● **Problem to work on**: In the material below, the lines between the one holding "two women walking" and the one holding "Third placed Fernando", inclusive, are to be set down word for word. Pictures stay out.

● **Listed entries**:
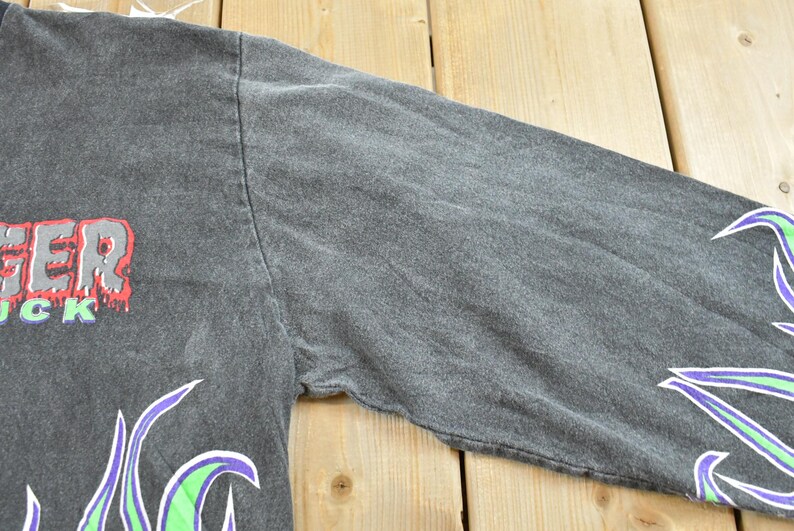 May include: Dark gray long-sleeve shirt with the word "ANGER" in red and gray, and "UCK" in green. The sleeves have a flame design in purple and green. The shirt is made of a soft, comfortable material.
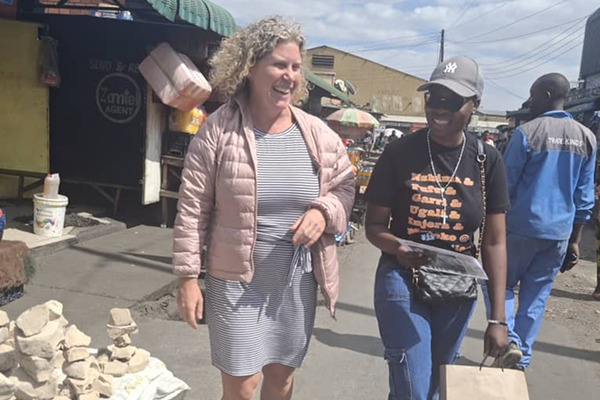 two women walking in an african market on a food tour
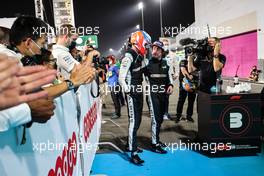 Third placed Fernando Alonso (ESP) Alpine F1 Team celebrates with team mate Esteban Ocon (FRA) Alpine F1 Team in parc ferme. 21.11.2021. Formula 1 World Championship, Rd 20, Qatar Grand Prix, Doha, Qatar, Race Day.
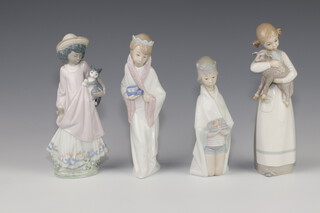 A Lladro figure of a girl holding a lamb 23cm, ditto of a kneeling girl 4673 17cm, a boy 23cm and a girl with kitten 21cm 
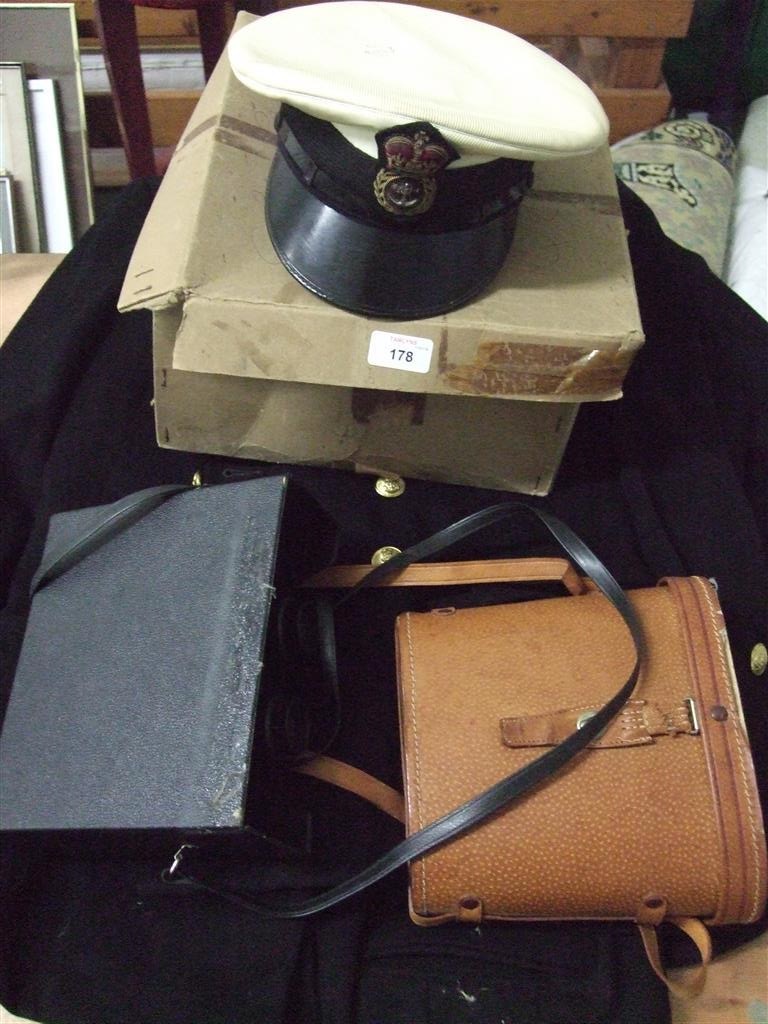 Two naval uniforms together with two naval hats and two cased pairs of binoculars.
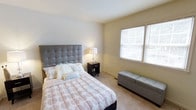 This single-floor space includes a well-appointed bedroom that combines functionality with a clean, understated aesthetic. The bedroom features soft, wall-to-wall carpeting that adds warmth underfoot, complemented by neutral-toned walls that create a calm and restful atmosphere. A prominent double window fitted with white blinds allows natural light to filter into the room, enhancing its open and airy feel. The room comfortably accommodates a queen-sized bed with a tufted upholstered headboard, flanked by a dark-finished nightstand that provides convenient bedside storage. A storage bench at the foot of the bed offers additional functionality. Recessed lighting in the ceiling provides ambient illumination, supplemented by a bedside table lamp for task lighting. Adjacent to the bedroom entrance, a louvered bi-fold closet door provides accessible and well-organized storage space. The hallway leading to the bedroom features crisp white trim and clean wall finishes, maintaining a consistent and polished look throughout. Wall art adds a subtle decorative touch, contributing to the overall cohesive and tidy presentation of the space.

● **Written solution**:
 two women walking in an african market on a food tour
 Third placed Fernando Alonso (ESP) Alpine F1 Team celebrates with team mate Esteban Ocon (FRA) Alpine F1 Team in parc ferme. 21.11.2021. Formula 1 World Championship, Rd 20, Qatar Grand Prix, Doha, Qatar, Race Day.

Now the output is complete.